One of the biggest tools that data scientists use to do all of this is web scraping.
They will use web scraping (or web crawler) programs – often built from scratch – to extract unstructured data from websites, and then manually structure it so it can be stored and analyzed for various purposes.
This process is often extremely time-consuming, however, and requires a deep knowledge of programming languages along with that of machine learning, mathematics and statistics in order to draw out the right results. And that’s usually why companies hire data scientists: they need a dedicated person to do the heavy lifting.
But you don’t necessarily have to hire a data scientist to get similar results.
Many companies that don’t have the resources or ability to hire a full-blown data scientist are taking advantage of web scraping tools (like us) to sort and analyze that data themselves.
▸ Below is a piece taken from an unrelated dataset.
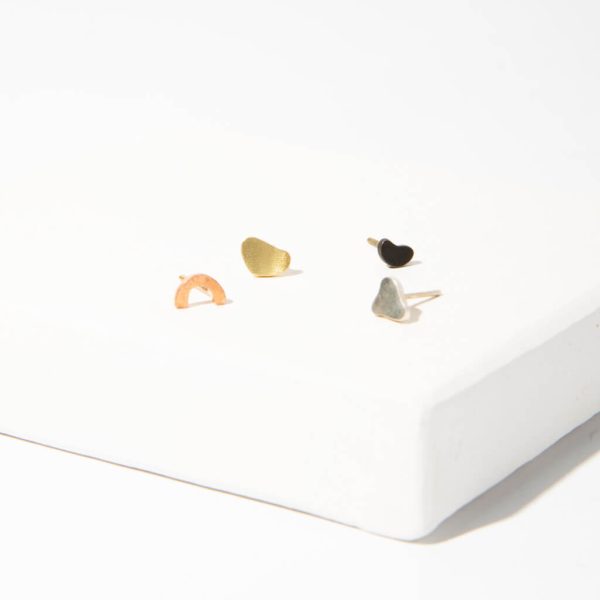 Terrazzo Earrings Set of 4 Studs - Mixed Metals on Sale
This means that almost anyone within an organization (especially those with programming knowledge or an understanding of data, like an IT leader or CDO) can collect and analyze data like a data scientist, even if they’re not one.
Tips for Being a “Data Scientist”
But how do you get the most value if you’re just using a web scraping tool in place of an actual data scientist? Here are a few things to keep in mind.
1. Know what data is important
Data scientists can usually tell you what data is valuable and what data is just hay in the haystack. Before you choose or build a web scraping tool, you’ll need to understand which data you actually need.
An ecommerce company looking to gather product information from their competitors, for example, may want product URLs but not URLs from a blog or miscellaneous page. Your web scraper should be able to tell the difference.
Make a list of goals that you want to achieve so you know what data can be pulled. Focus on solving problems that have real and immediate business value.
2. Make sure your data gathering is easy
If you’re not hiring a data scientist to pull and analyze your data, you may find that the process is rather time-consuming. Your web scraper should be able to pull data fairly effortlessly on your part, otherwise, it’s not much of a time saver.
You also want to make sure that it can pull data as often as you need it. Data can become stale very quickly, so scraping or crawling for new data will be an important part of the process.
3. Leverage external data
Both internal data and external data have value, but external data (user-generated data from social media, competitors, partners, etc.) can provide you with a bigger picture.
External data can give you real-time updates on industry insights, customer activity, and product trends that you may miss with internal data alone.
Again, you will have to make sure that you’re pulling the right kind of external data, however. Data scientists focus on cleansing unstructured data to make it more manageable, so your web scraper should be able to do that without much hassle on your end.
Of course, having a dedicated data scientist who really understands the math, statistics, and coding involved with data science is a huge benefit. But if that’s not possible for your business, having access to data science tools – like web scraping – will help bridge the gap.
Just be sure that the tool you choose is comprehensive enough to cover the roles that a data scientist would normally fill.
You will want to ensure that your web scraper can pull the exact data you need, as often as you need it, and that it’s cleansed (organized) in a way that you can understand. Your web scraper “data scientist” should bring as little stress to your organization as possible.